What the exercise asks: The pictures get dropped, while every remaining part of the listing is copied exactly.

*** Opening of Data for analysis ***

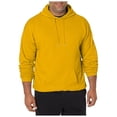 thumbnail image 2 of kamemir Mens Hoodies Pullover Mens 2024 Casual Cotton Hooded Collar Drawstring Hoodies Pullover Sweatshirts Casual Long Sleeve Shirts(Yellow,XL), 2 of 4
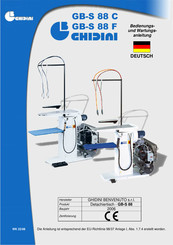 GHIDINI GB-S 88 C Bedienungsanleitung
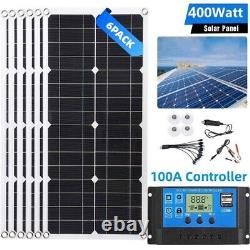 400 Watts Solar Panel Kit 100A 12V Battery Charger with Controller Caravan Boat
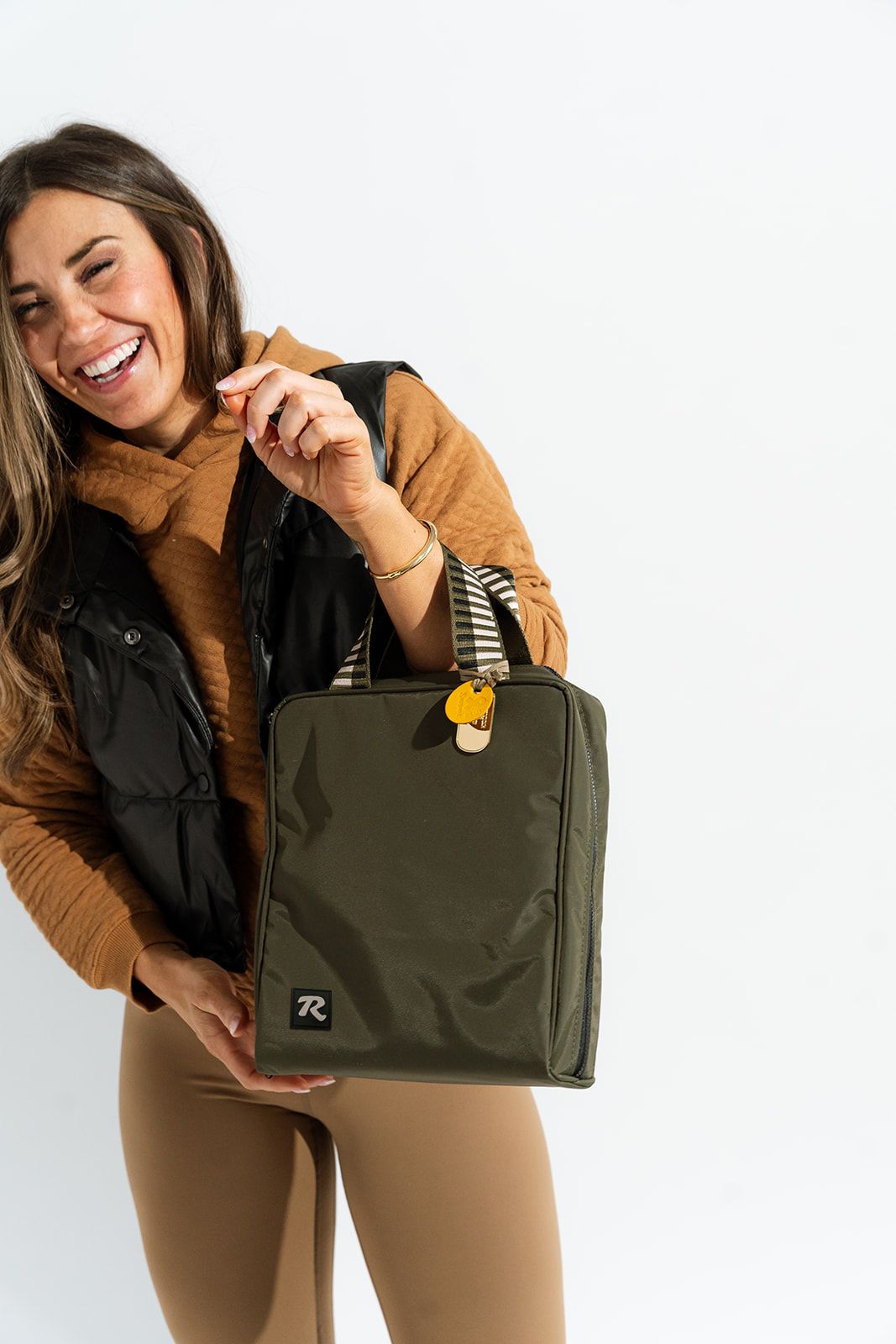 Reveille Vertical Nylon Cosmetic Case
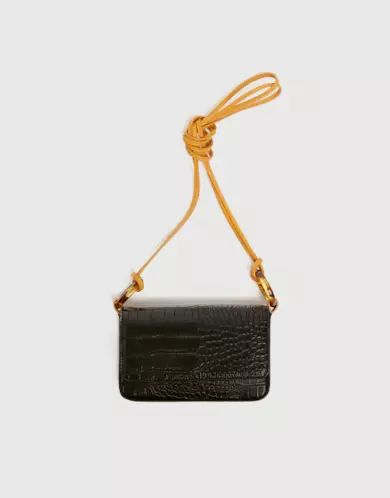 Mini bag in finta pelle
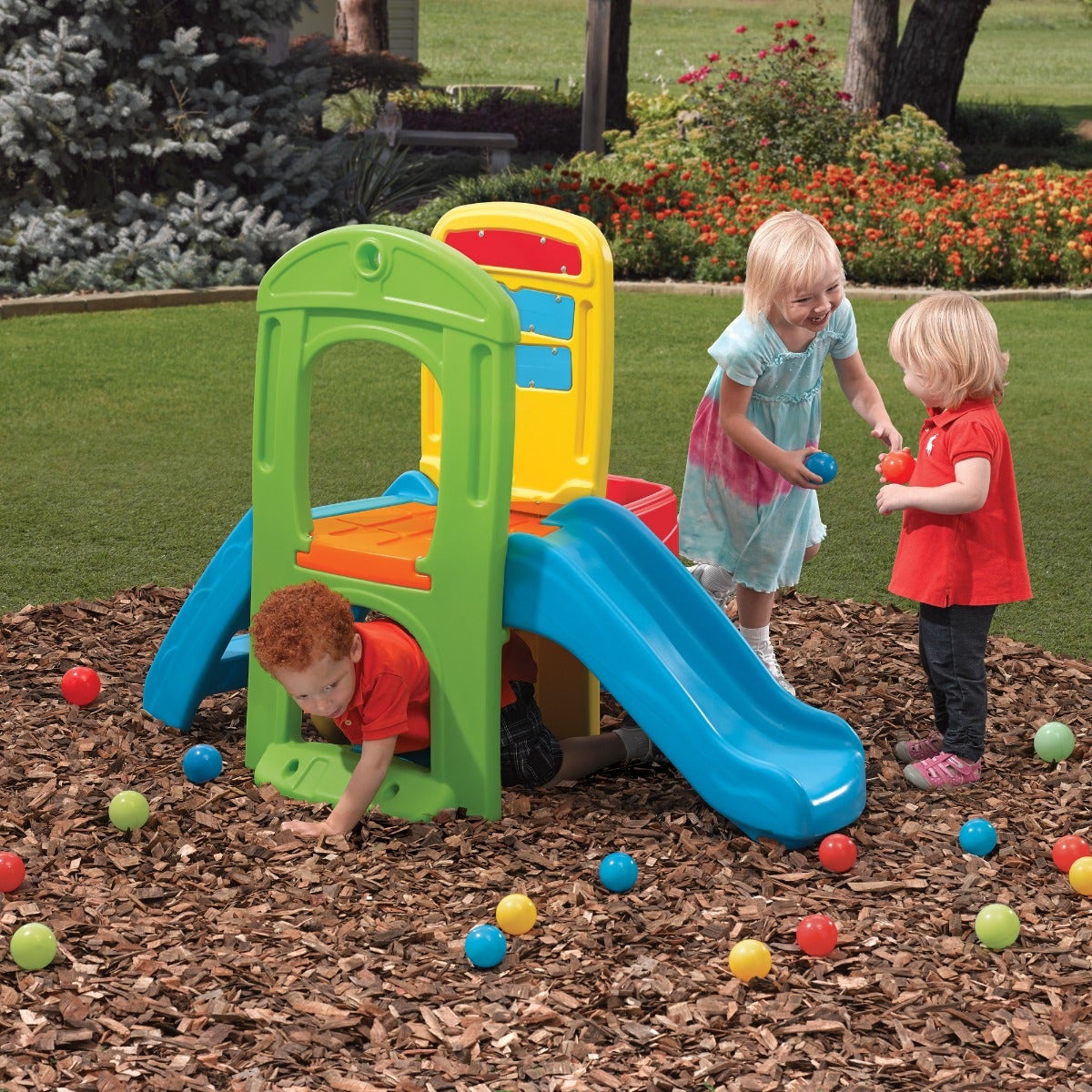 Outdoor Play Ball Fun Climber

*** Close of Data for analysis ***

Task response:
 thumbnail image 2 of kamemir Mens Hoodies Pullover Mens 2024 Casual Cotton Hooded Collar Drawstring Hoodies Pullover Sweatshirts Casual Long Sleeve Shirts(Yellow,XL), 2 of 4
 GHIDINI GB-S 88 C Bedienungsanleitung
 400 Watts Solar Panel Kit 100A 12V Battery Charger with Controller Caravan Boat
 Reveille Vertical Nylon Cosmetic Case
 Mini bag in finta pelle
 Outdoor Play Ball Fun Climber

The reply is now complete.